Long-term outcomes beyond 5 years are poorly documented.

**What a critical reader would note**:

**Outdated guideline**: Published in 2008. Subsequent research has shown that ARR screening may be appropriate in a broader population, that AVS may not be necessary in younger patients (<35 years) with a clear unilateral adenoma on CT, and that newer MRAs (e.g., eplerenone) have better side effect profiles.

**Selection bias in prevalence studies**: Many prevalence studies were conducted in specialist hypertension centres, which may overestimate prevalence in the general hypertensive population.

**No cost-effectiveness analysis**: The guideline does not address whether universal screening of all hypertensives is cost-effective.

**Lack of standardisation**: The ARR is affected by many factors (time of day, posture, sodium intake, medications, potassium levels), and the guideline's recommendations for standardisation are detailed but difficult to implement in routine practice.

**Industry funding of underlying studies**: Although the Task Force was independent, many of the studies they reviewed were funded by pharmaceutical companies (e.g., spironolactone and eplerenone manufacturers).
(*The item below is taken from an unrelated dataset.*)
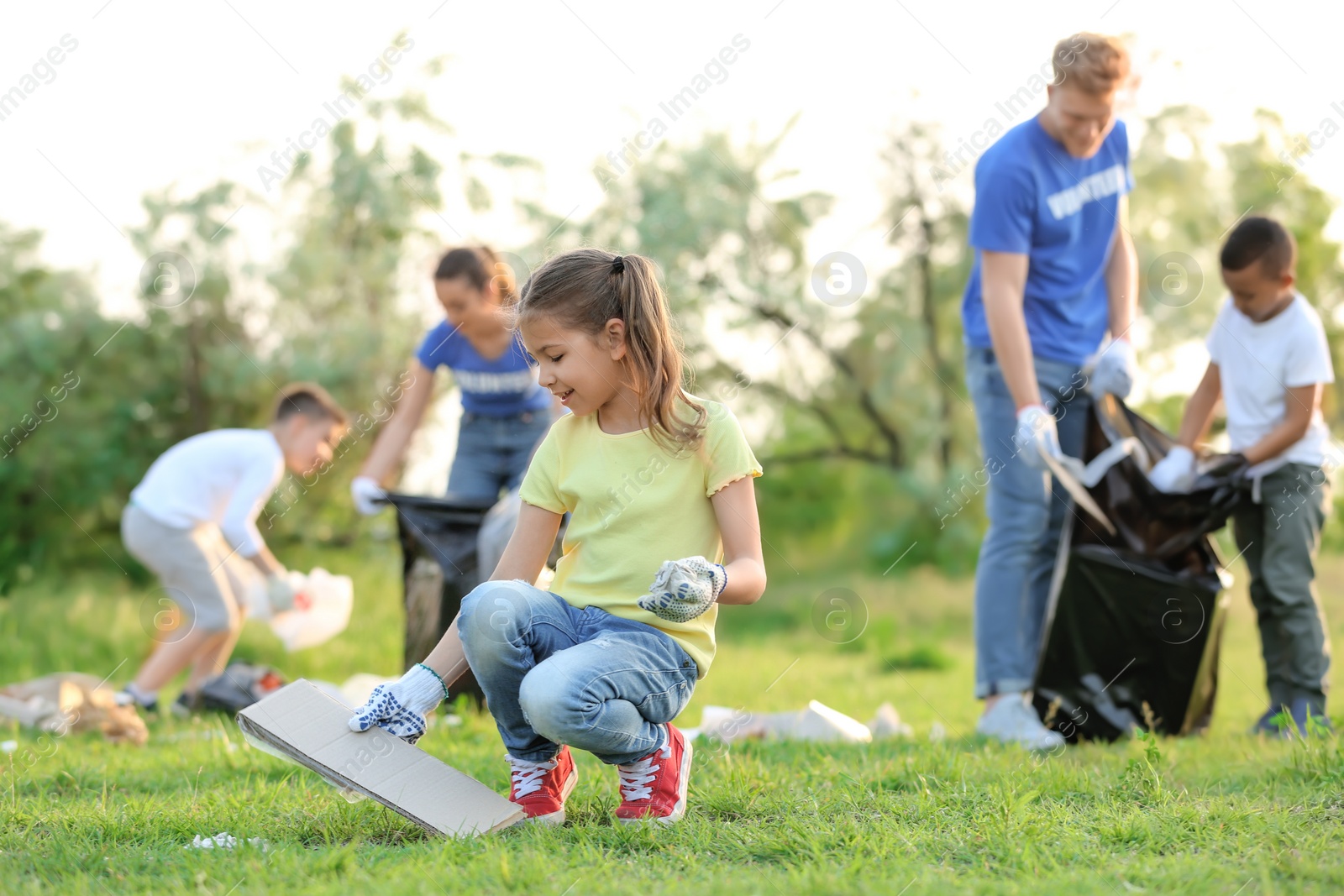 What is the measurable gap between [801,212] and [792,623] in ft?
9.85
**No patient-reported outcomes**: The guideline focuses on blood pressure and potassium levels, not on quality of life, symptom burden, or patient preferences.

Practical takeaways

For someone running their own n=1 experiment (with medical supervision — this is not a DIY project):

### What to test

**If you have hypertension** (especially if it's resistant to 2+ medications, or if you have low potassium, or if you have an adrenal mass found incidentally on imaging): Test whether you have primary aldosteronism.
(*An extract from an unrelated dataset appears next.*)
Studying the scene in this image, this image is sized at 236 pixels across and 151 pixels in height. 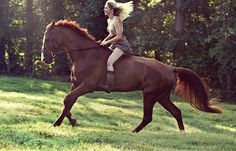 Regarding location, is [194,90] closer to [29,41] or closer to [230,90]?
[230,90]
**Specific intervention**: Ask your doctor for a morning blood draw for plasma aldosterone concentration and plasma renin activity (or direct renin concentration) to calculate the aldosterone-renin ratio (ARR). You must be off medications that interfere (spironolactone, eplerenone, amiloride, and some beta-blockers) for 4–6 weeks, and off ACE inhibitors, ARBs, and diuretics for 2 weeks. Your doctor can switch you to medications that don't interfere (e.g., verapamil, hydralazine, prazosin) during this washout period.

**Comparator**: The ARR result compared to the laboratory's cut-off (typically >20–30 ng/dL per ng/mL/h). A positive result should be followed by a confirmatory test (e.g., saline infusion test or oral sodium loading test).

### Minimum meaningful duration

**For case detection**: A single blood draw (morning, after sitting upright for 15–30 minutes, with normal sodium intake). The result is available in 1–2 days.

**For confirmatory testing**: 1–4 days depending on the test (saline infusion takes 4 hours; oral sodium loading takes 3 days).

**For treatment response**: If you are diagnosed with PA and start spironolactone or eplerenone, measure blood pressure and potassium at 2, 4, and 8 weeks. Most of the blood pressure effect appears within 4–8 weeks. If you undergo adrenalectomy, measure blood pressure and potassium at 1, 3, 6, and 12 months post-surgery.

### What to measure

**Primary outcome**: Blood pressure (systolic and diastolic, mmHg) measured at the same time of day, after 5 minutes of seated rest, using a validated home blood pressure monitor. Take 3 readings, 1 minute apart, and average the last 2.

**Secondary outcomes**: Serum potassium (mEq/L), number of antihypertensive medications, and symptoms (headache, fatigue, muscle cramps, palpitations, polyuria).

**For ARR**: Plasma aldosterone (ng/dL) and plasma renin activity (ng/mL/h) or direct renin concentration (mU/L). Calculate the ratio.